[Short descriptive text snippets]
■ ■ ■
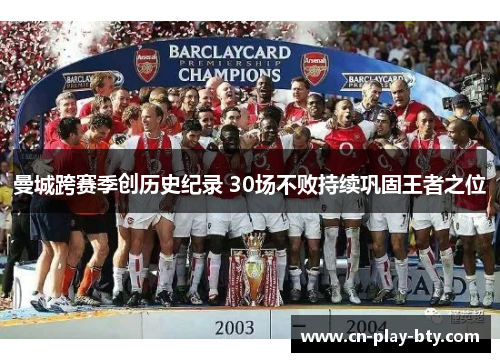曼城跨赛季创历史纪录 30场不败持续巩固王者之位 曼城跨赛季创历史纪录 30场不败持续巩固王者之位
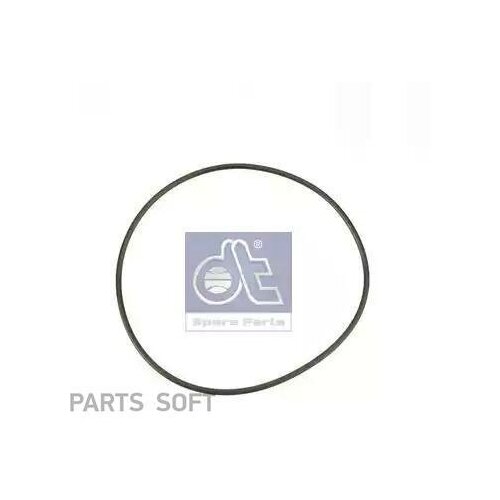 DT SPARE PARTS 541105 5.41105_кольцо упл. компрессора 133x3.5 \DAF F1900/3600 F75CF/85CF/F95/XF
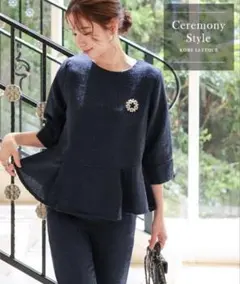 神戸レタス　ペプラムフォーマルセットアップ　プチS　ネイビー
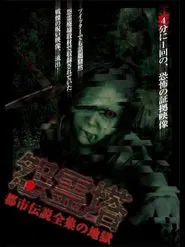 Ghost Tower: A Complete Urban Legend from Hell movie poster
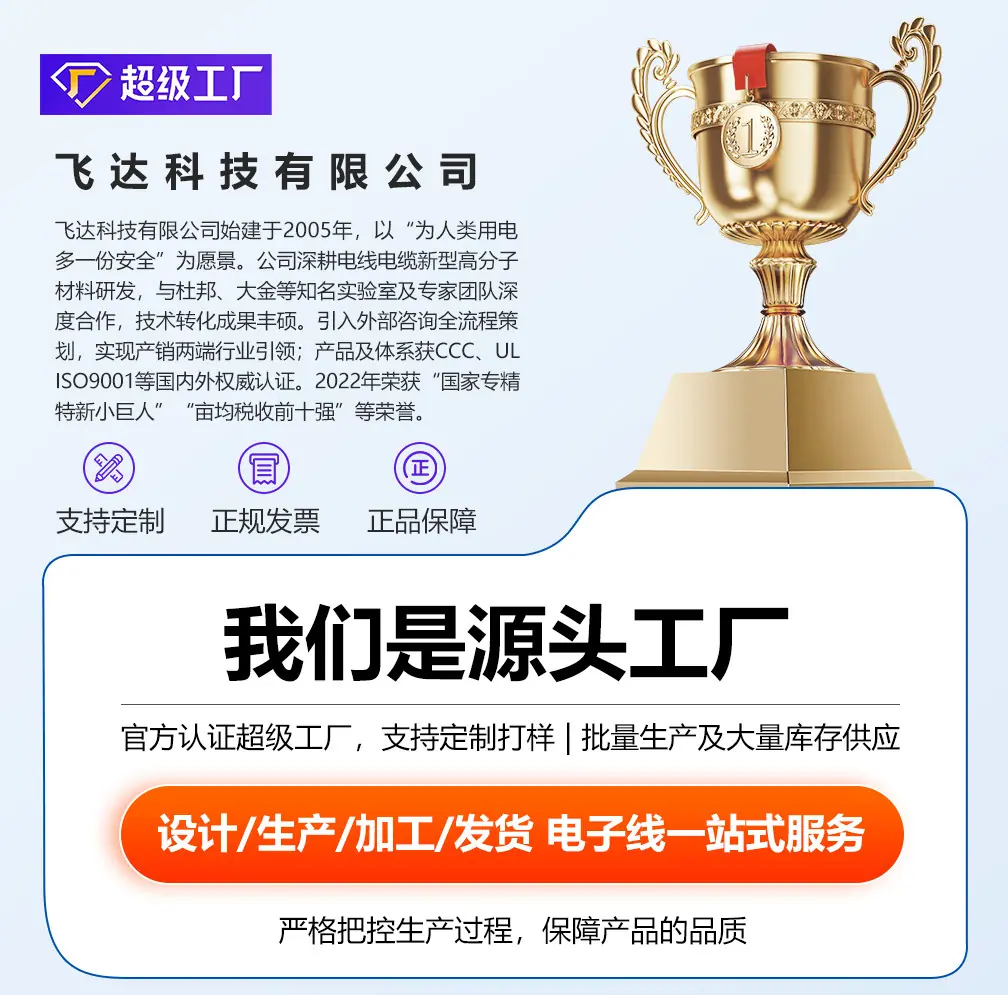 详情页_01.jpg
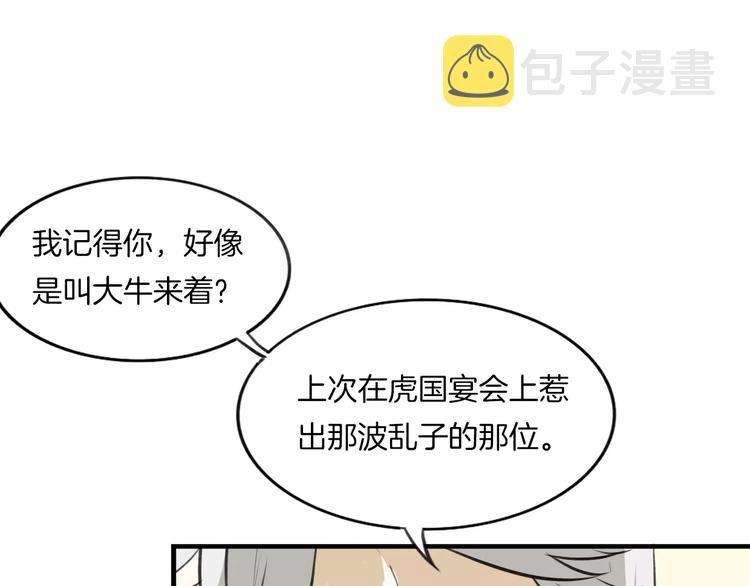 第3话 3个选择0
■ ■ ■
Brief
Restate the records above exactly, less any pictures.

Answer section
曼城跨赛季创历史纪录 30场不败持续巩固王者之位 曼城跨赛季创历史纪录 30场不败持续巩固王者之位
 DT SPARE PARTS 541105 5.41105_кольцо упл. компрессора 133x3.5 \DAF F1900/3600 F75CF/85CF/F95/XF
 神戸レタス　ペプラムフォーマルセットアップ　プチS　ネイビー
 Ghost Tower: A Complete Urban Legend from Hell movie poster
 详情页_01.jpg
 第3话 3个选择0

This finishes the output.